Finally, following the work done by the committee and the speeches made by its members, particularly the highly eloquent ones by the member for Pickering--Ajax--Uxbridge, based on the legislation to which I referred earlier, the government has agreed to make a few additions to these original four main elements in the bill.
First of all, provision has been added for private access, independently of the Competition Tribunal, so that private companies can take their competition cases directly, on their own behalf, to the tribunal in four specific areas mentioned in clauses 75 and 77 concerning refusal to deal, exclusive dealing, tied selling and market restriction.
Amendments have also been made to the bill with respect to dominant position. One has the feeling, from the wording of these amendments, that particular aim was being taken at a problem forced on us by the prevailing economic situation now facing the airlines.
Under section 104.1 of the Competition Act, the commissioner will be permitted to issue interim orders so as to prevent a company under investigation from continuing or resuming anti-competitive acts. As well, an airline could be required to pay monetary penalties, because this is indeed the purpose behind the particular amendments in this regard, under clause 79 concerning abuse of dominant position.
We would have preferred that the government not try to use these amendments to deal with a very specific situation. Abuse of dominant position can also be observed in other industrial sectors.
I come back to what I was saying earlier concerning the amendment put forward Friday by the member for Laval Centre. This amendment, as the House will recall, is taken word for word from a provision in Bill C-472, presented earlier by the member for Pickering--Ajax--Uxbridge, with the exception of three little words which independent gas retailers wanted to see dropped: standard market conditions. I will not go back over these three words, on the significance of the amendment. I spoke on this at some length Friday, when we debated Bill C-23 at report and second reading stages.
I simply want to say at this point that we would have liked the government to be more receptive with respect to abuses of dominant position in other sectors of the economy, not just in the airline industry. We on this side were referring specifically to what happened a certain number of weeks and months ago in the case of the sharp rise in gas prices.
Naturally, the minister himself told me in committee when he appeared that the cost of gasoline was actually quite low, so why get upset over the issue of gasoline prices? The current body of laws, even amended, does not protect us from a new flare-up of gasoline prices. This amendment among other things serves to protect independent distributors against the dominant position of the major oil companies, which alone control 90% of the Canadian oil refinery and distribution market and we would have liked to see it pass. We would also have liked to have section 45 of the Competition Act amended. This section, I remind you, is over 100 years old. A number of things have changed in the meantime, and these changes must be taken into account.
We would have liked an amendment on the relevance of keeping the word unduly in the section. I know that it raised a lot of debate. Some claim the word should be eliminated; others think it should be retained. I myself think the issue should have been expanded and the work not disrupted so that we could not go beyond the provisions contained in Bill C-23, with the few amendments, albeit significant but limited, that were finally added at the conclusion of the work of the committee.

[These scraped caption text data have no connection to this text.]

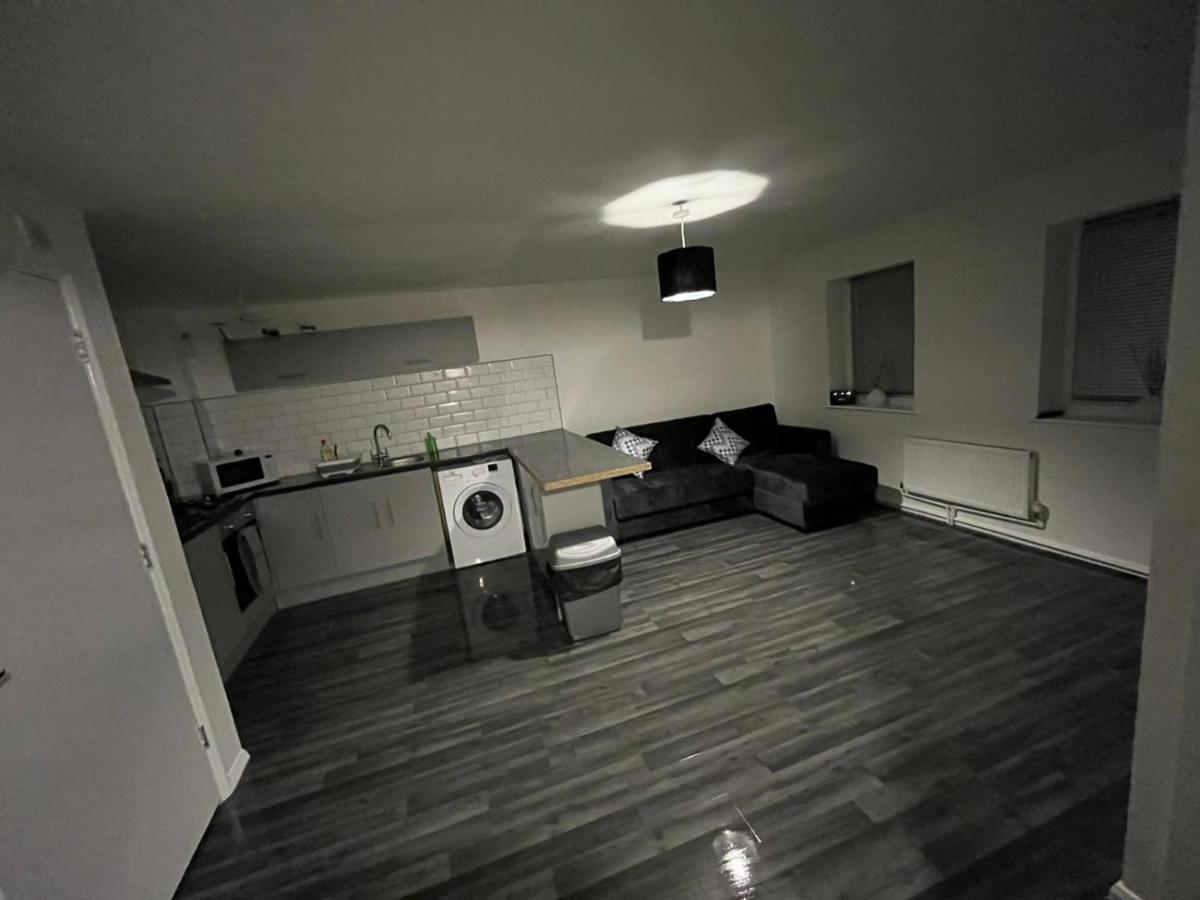 2 Bed Hengrove Villa Бристол Екстериор снимка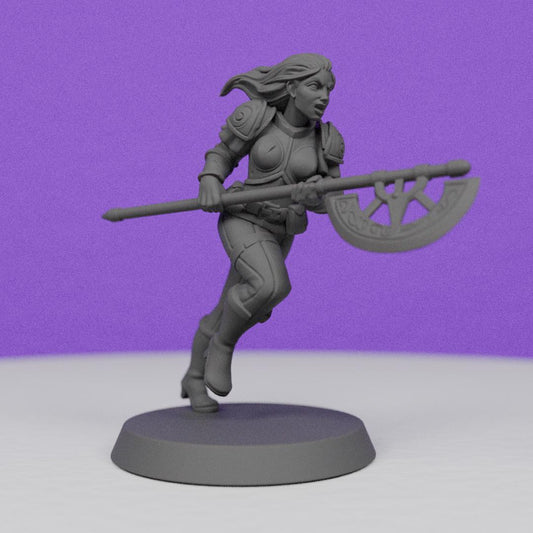 Female Knight with War Halberd | Galaad Miniatures | Compatible with D&D/AoS | Fantasy | Tabletop RPG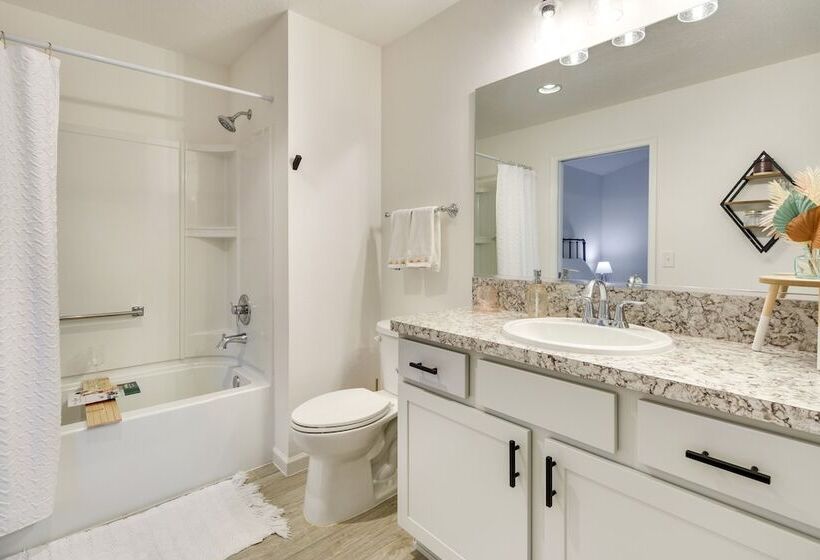 The Villages Home W/ Golf Cart & Community Pools!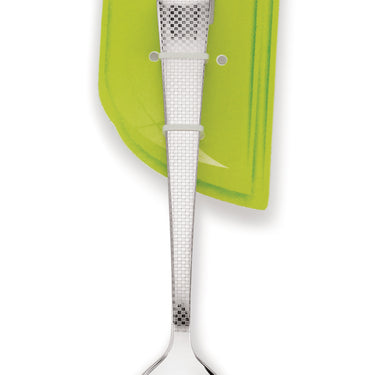 રવિવાર નીલમ રણ ચમચી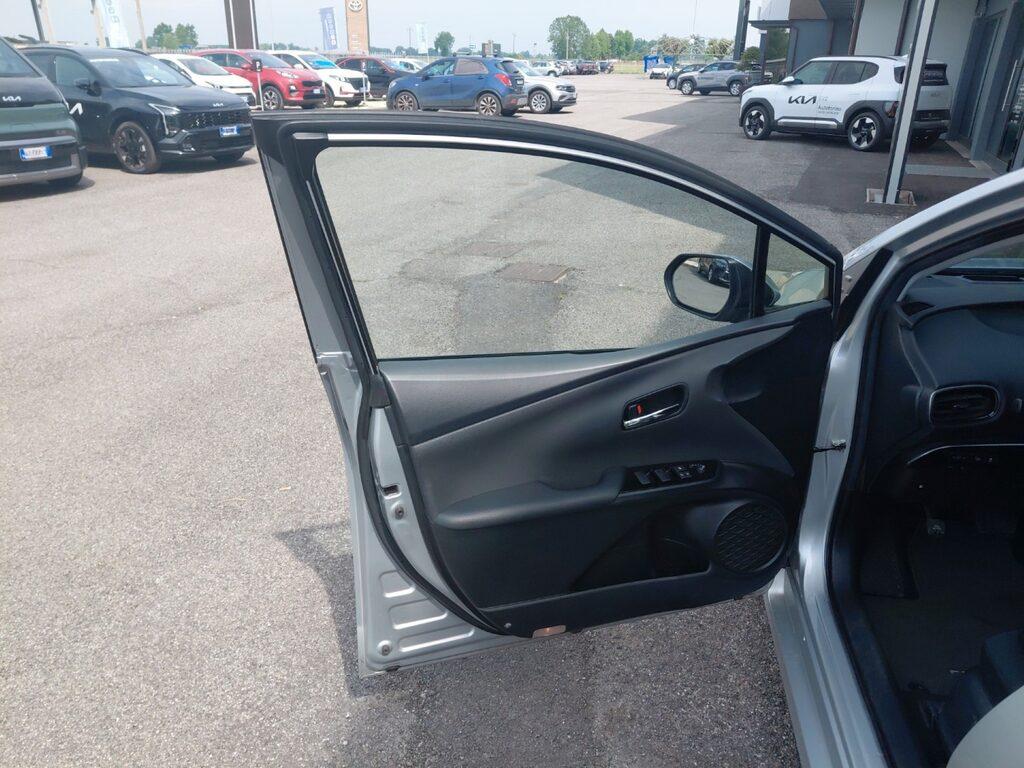 Toyota Prius 1.8 h Lounge awd-i ecvt my20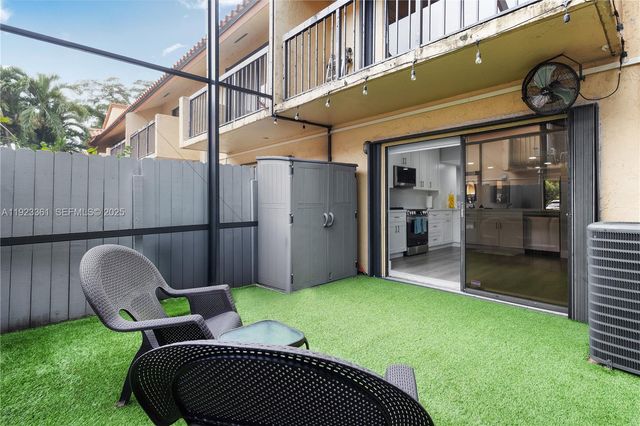 10053 SW 77th Ct, Miami, FL 33156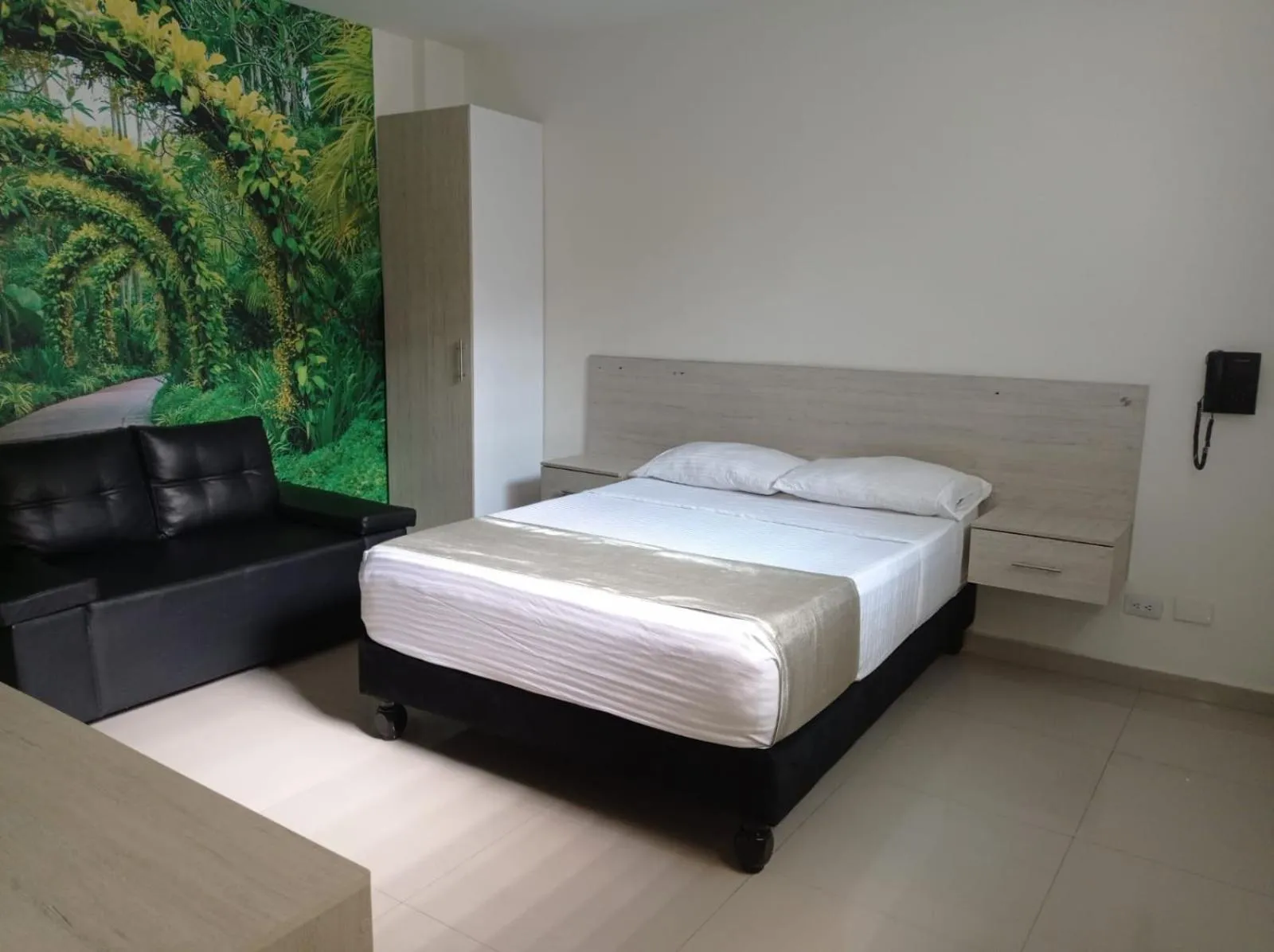 Bed in Hotel Granada Loft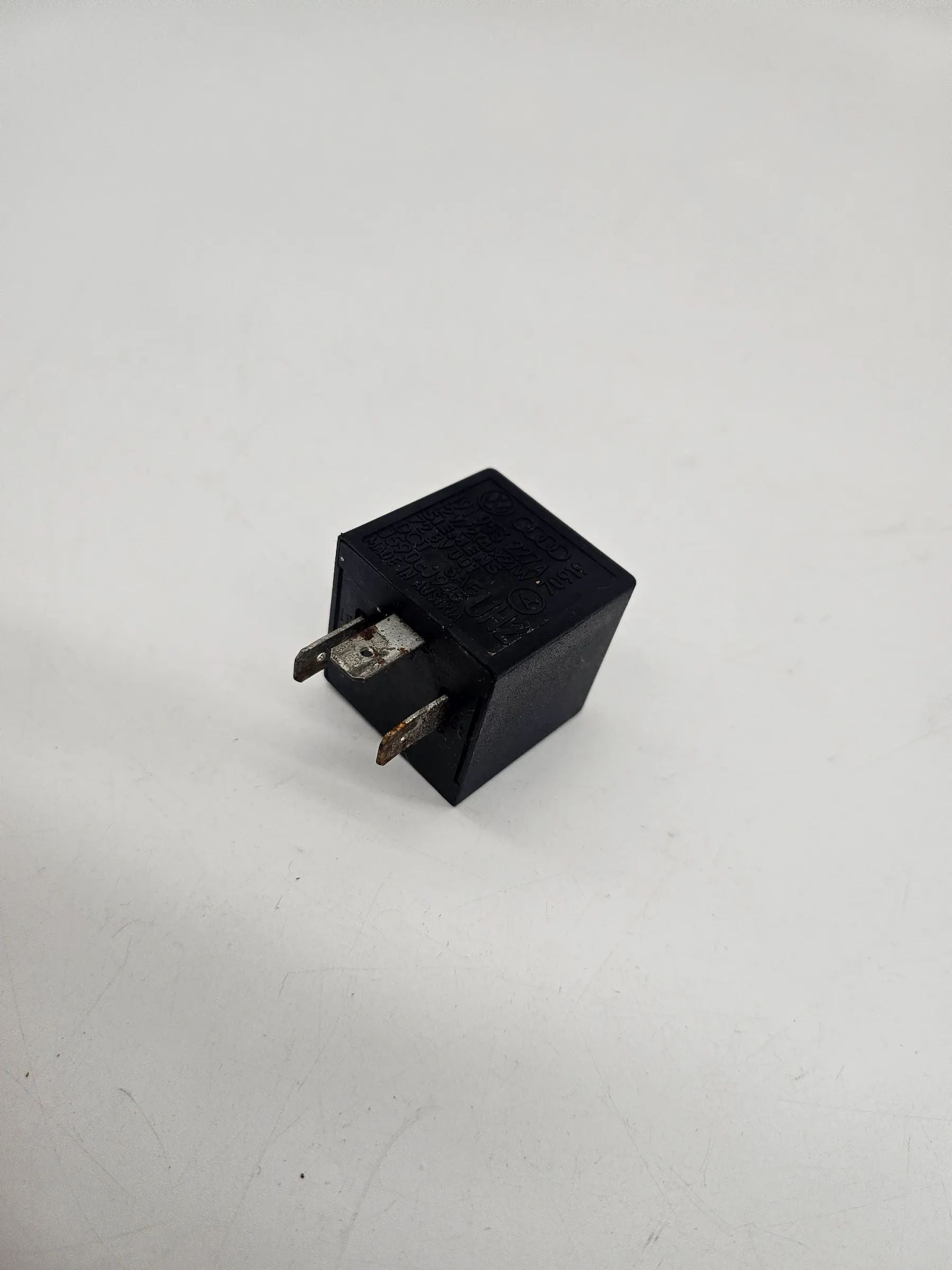 Relais Clignotant Orig VW Seat Audi Skoda Nr.21 191953227A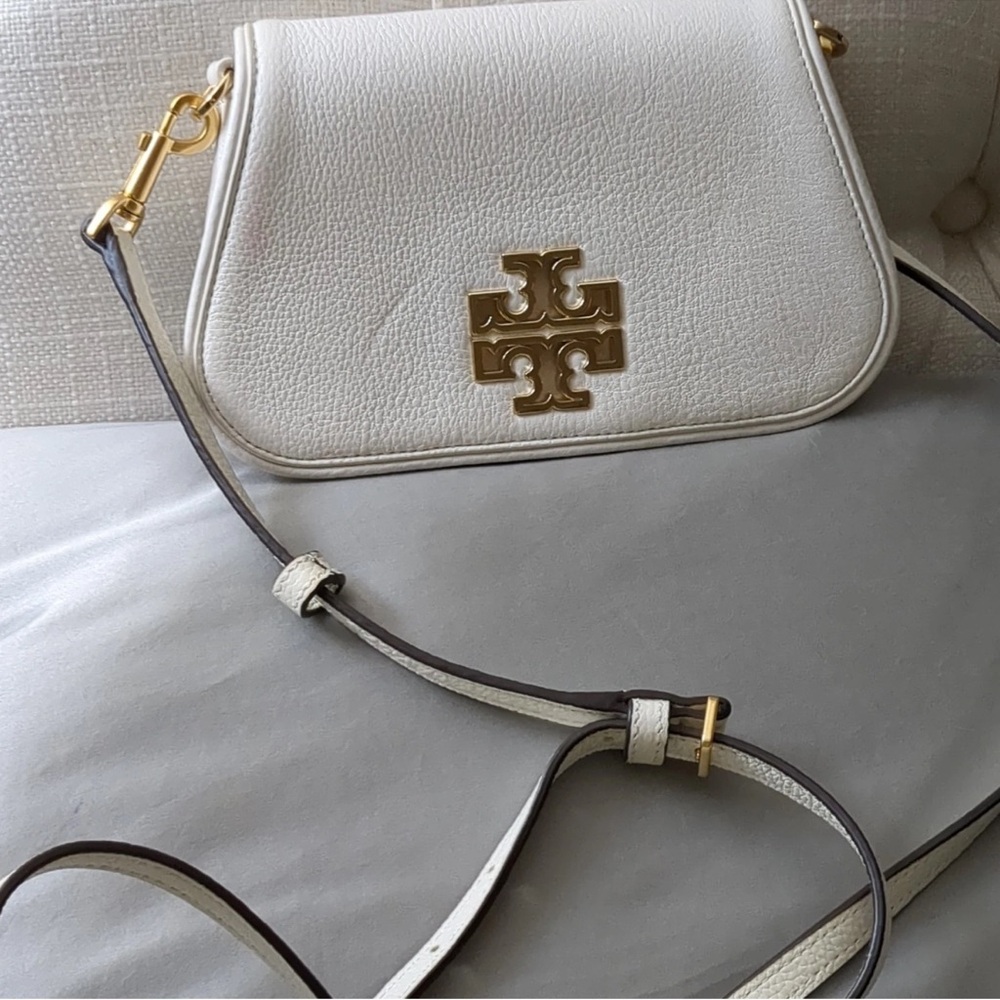 Tory Burch White Pebbled Shoulder Bag Gold Logo & Hardware Detachable Strap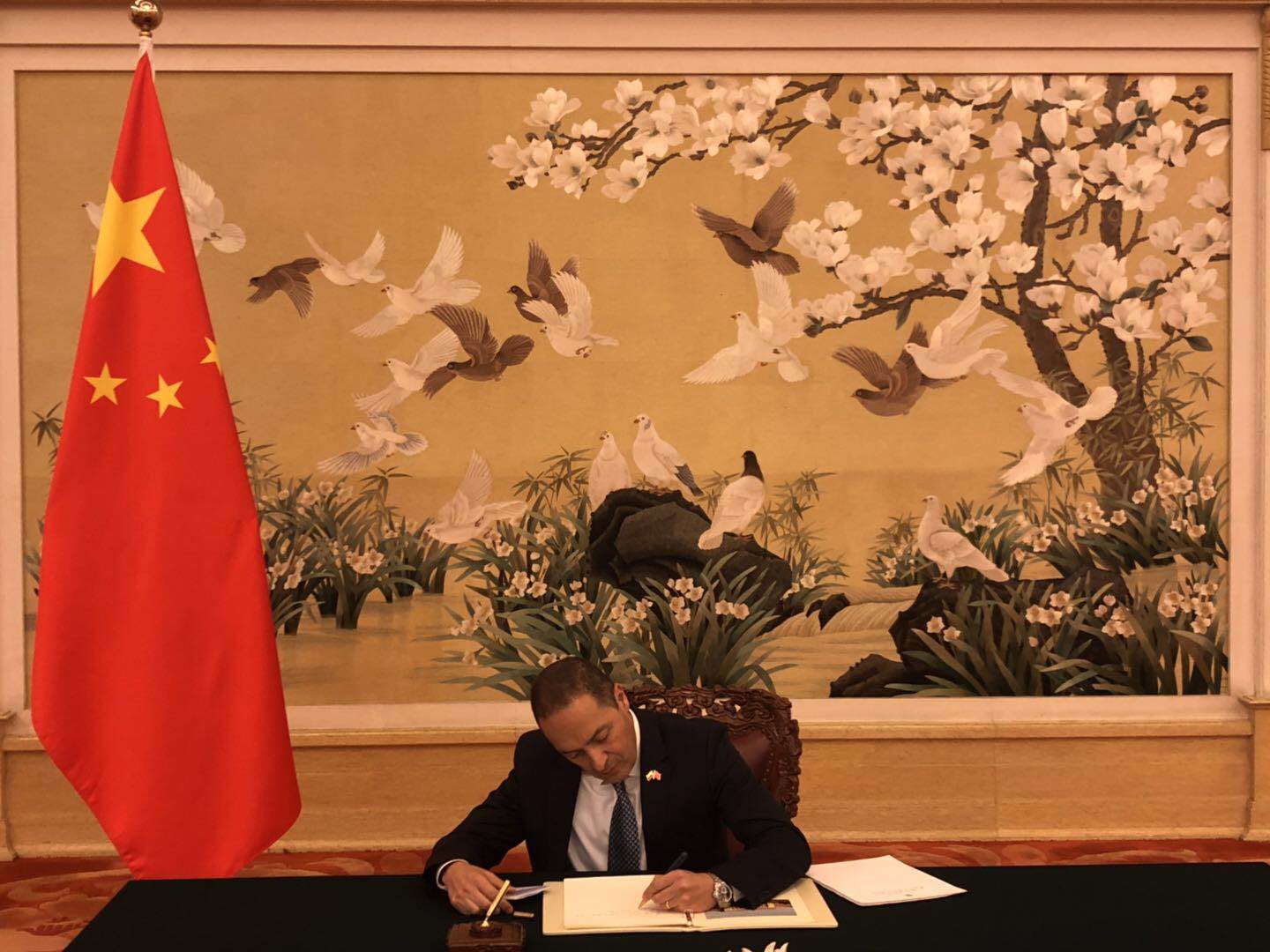 El Embajador de Colombia en China presentó cartas credenciales al Presidente Xi Jinping
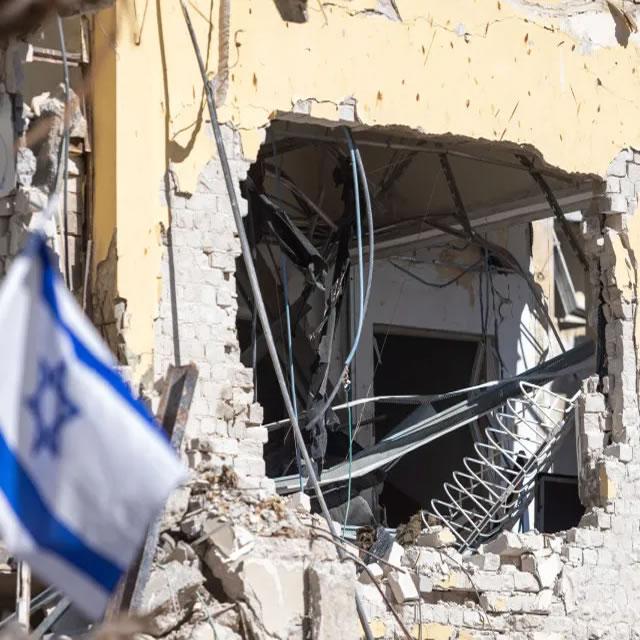 Israel diz que matou 11 cientistas nucleares e acertou 900 alvos no Irã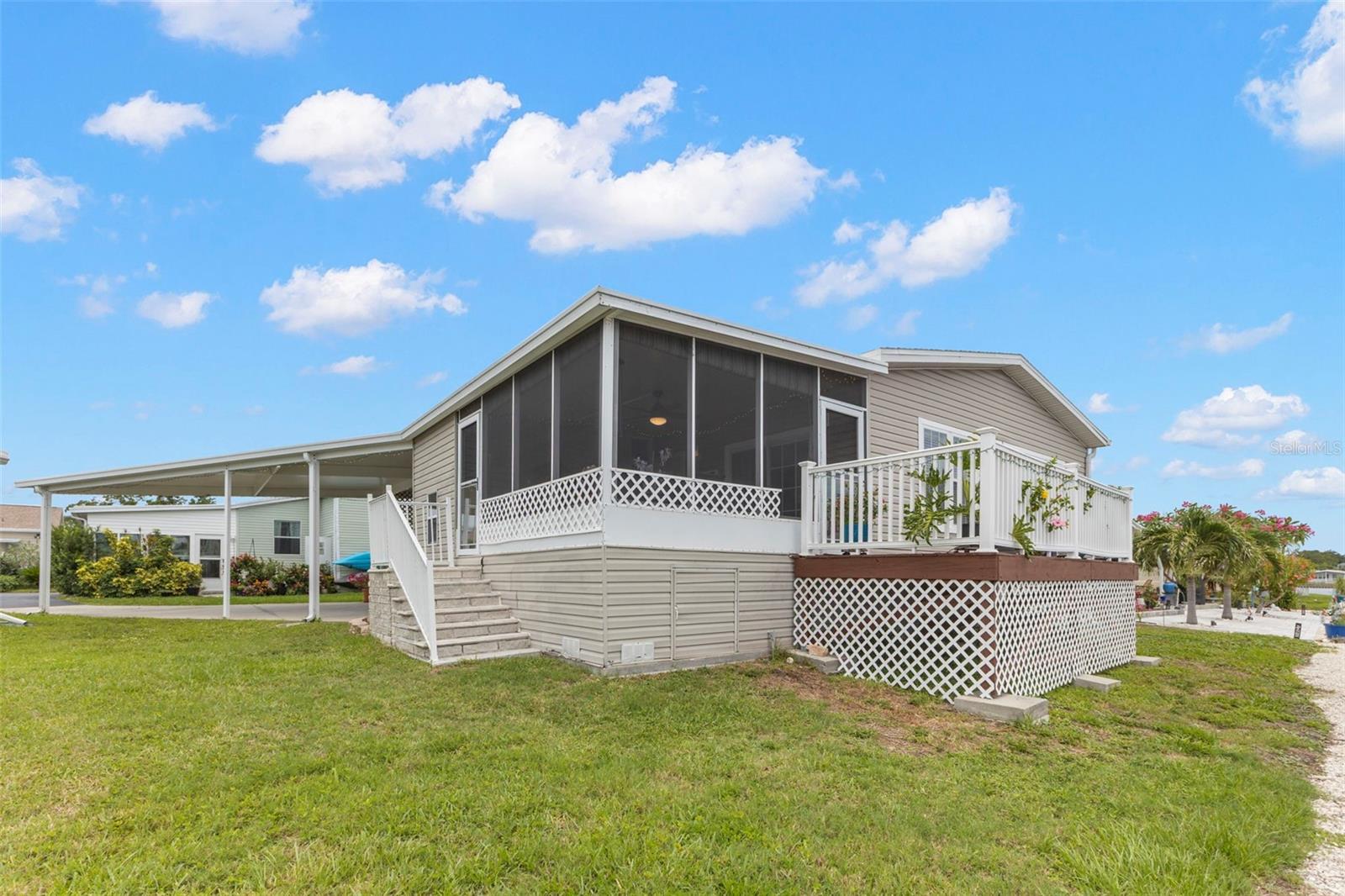 124 AMERICANA CT NE #214 — photo 5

It should be noted that despite the good intentions of the committee members and the witnesses who appeared before the committee—and I must, in this regard, congratulate and thank the witnesses for the depth of the analyses and comments they contributed—we might have done well to pay much more attention to them and to integrate more of these analyses and proposals into Bill C-23.
For a whole slew of reasons, it was decided not to. That said, despite all the goodwill of the committee members and the witnesses who appeared, it must be recognized that the very organization of our committee precluded our doing a really thorough job on this issue.
When the Standing Committee on Industry, Science and Technology meets four times a week to discuss three different topics, this makes the members' work difficult. It is hard for them to manage to address each of these three issues in depth, each theme raised in its four meetings each week. I think we would be better off if we were to consolidate the work, make it more consistent and thus be able to go into the various matters raised in committee in a little more depth.
Returning the subject at hand, as I said, it would have been worthwhile in my opinion to have been able to go into it further. Nevertheless, we must admit reality: Friday, the minister referred to the quality of the committee's work, and described it, rightly so in my opinion, as non-partisan. It is regrettable, however, that at the very end he adopted an attitude that was close-minded, to say the least, if not downright partisan, in rejecting the amendment proposed by my colleague from Laval Centre.
Those then, are my reservations, and I hope the minister listens to them. On Friday, I expressed the wish that he listen to the speech I gave on my colleague from Laval Centre's amendment. Similarly today, I trust that through his parliamentary secretary he will be attentive to the discussion of today.
That said, I am greatly perplexed and taken aback by the government's decision not to go any further with the pre-examination of Bill C-23 by broadening it. Yet, by its own admission, it intends to review and revise the Competition Act once again, at some point next February.
Rather than doing things a bit a time, perhaps we ought to have carried out a more thorough study of the proposed amendments to the Competition Act, and these could have integrated the concerns of my colleague from Laval Centre as well as the very legitimate concerns of my colleague from Jonquière concerning clause 45. As hon. members are aware, my colleague from Jonquière has spoken out in the media, here in Ottawa, in the House of Commons, and in committee, as well as in the national assembly, concerning clause 45. Perhaps we could have indeed gone into it further.
However, despite the concerns that I raise here today, and that I have raised in the past, particularly on Friday, and to which I hope the government is sensitive, despite all this, I would once again like to repeat today that the Bloc Quebecois, as it has always done since 1993 and even before then, when the founding members of the Bloc Quebecois sat as independent members, has always acted in the best interests of all, particularly in the interests of Quebecers, regardless of partisan politics.
Statistics show this to be true. Since the beginning, since Confederation, the Bloc Quebecois is probably the political party that has most often voted in support of government bills and initiatives. We are not guided by the extremely narrow prism of partisan politics. What guides our analysis in the Bloc Quebecois is the best interests of all, and particularly, the interests of Quebecers.
So despite the concerns that I raise today, I would like to repeat that the Bloc Quebecois will vote in favour of this bill because we believe it to be a step in the right direction. The government was not willing to take the steps required to make even more improvements to the Competition Act, but it is nonetheless a step. We can only hope that the government will continue to make progress so that some day we can have legislation that fosters truly healthy competition within our economic environment.